Atoll GmbH will provide screening tools with packed columns in 96-microtitre plate format, ready packed, and characterised disposable columns that can be used with the chromatography materials of the majority of manufacturers. These can be used for processes in which the validation of sanitation procedures proves problematic (e.g. for products such as the planned protease scavenger). This saves time in packaging the columns and there is also the advantage of working with a perfectly packed column. Dr. Jürgen Friedle of Atoll brings over 20 years of experience with chromatographic separation media to the project.
Another important part of the project is to be dealt with by Professor Boris Mizaikoff from the Institute of Analytical and Bioanalytical Chemistry at Ulm University, who works together with researchers of many disciplines and has great experience in project work. His team will investigate and develop biomimetic receptor materials for proteases which will then be used as synthetic ligands in the molecular-selective protease scavenger or in the planned protease assay.
Protease test kits for biopharmaceutical manufacturers
If the project is successful, then the Ochsenhausen-based Labor Dr. Merk & Kollegen will be able to offer biopharmaceutical manufacturers a test kit that allows them to perform tests at the various purification steps and determine where, which and how many proteases occur at those steps. This would then be a protease test that is not only more sensitive than currently used tests, but one that also provides information about the spectrum of proteases present in the fermentation broth. In addition, a chromatography column (scavenger) would be available that is able to efficiently remove proteases both at the smallest scale as well as at the technical production scale, while allowing all biopharmaceutically relevant substances to pass through.
Principle advantage: gentle purification method
The design of the planned products will also take into account that the future users will be able to comply with GMP guidelines.
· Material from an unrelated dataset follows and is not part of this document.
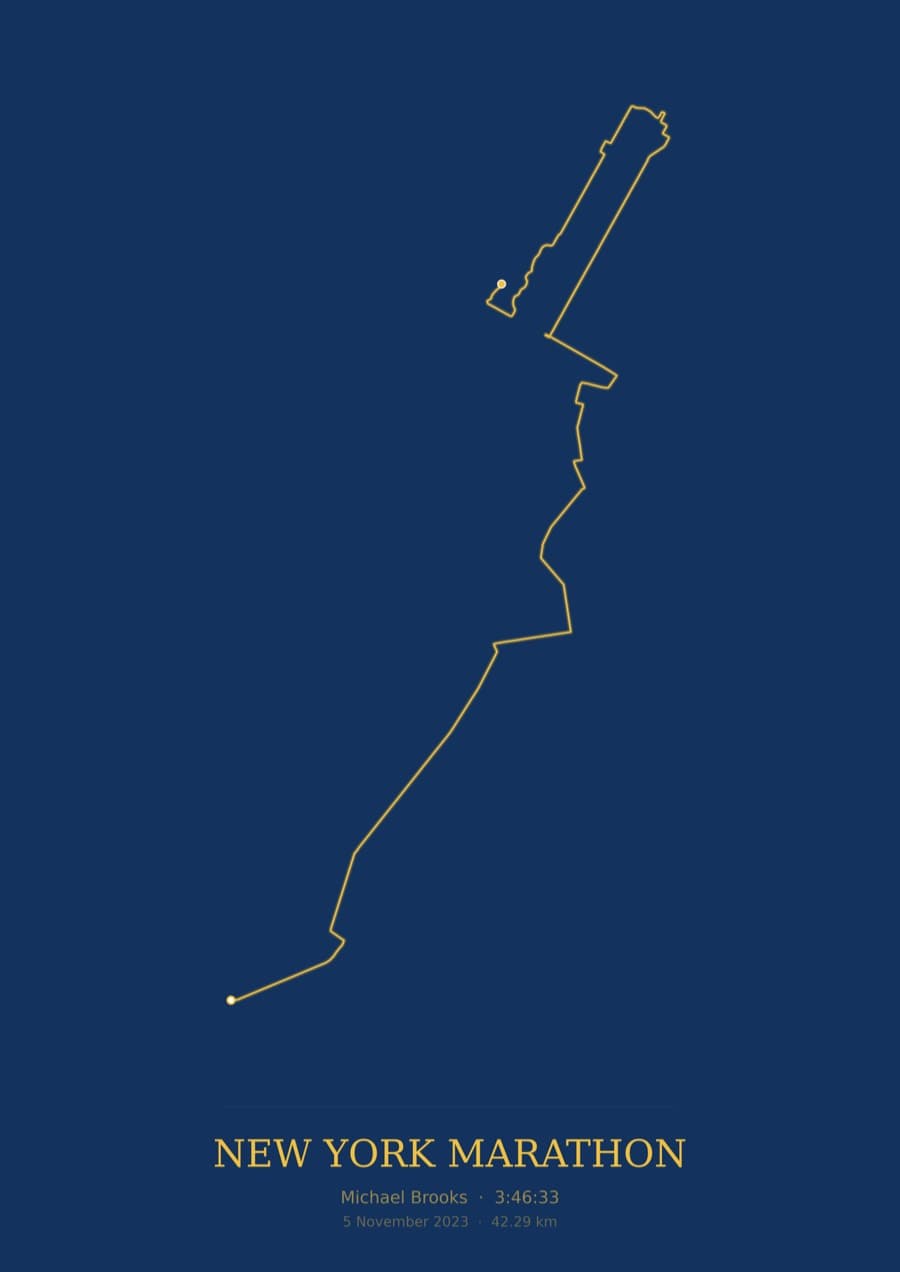 New York Marathon — Blueprint · Route study palette poster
Since pharmaceutical manufacturers are, increasingly, outsourcing downstream processing steps, the Ochsenhausen-based company has also plans to expand the portfolio of safety tests and maybe offer protease analytics or protease removal as services.
These are still plans for the future, but Werner Dangel can well envisage the possibility of developing new methods based on these findings in order to identify foreign bodies that have unwanted side effects as well as removing them from the fermentation broth or from the final product, in order to make pharmaceutical products even safer.
In principle, the avenue chosen by the project partners has the advantage that the substance is “freed” from substances which may have a negative impact in a more gentle way than currently used purification methods, which require the binding of the substance to chromatographic material surfaces and the subsequent removal by physical means. This might prove quite problematic as the substance may suffer from this kind of treatment; it might refold or, in the worst case, be destroyed. Therefore, the market needs more gentle purification methods that can easily be scaled up.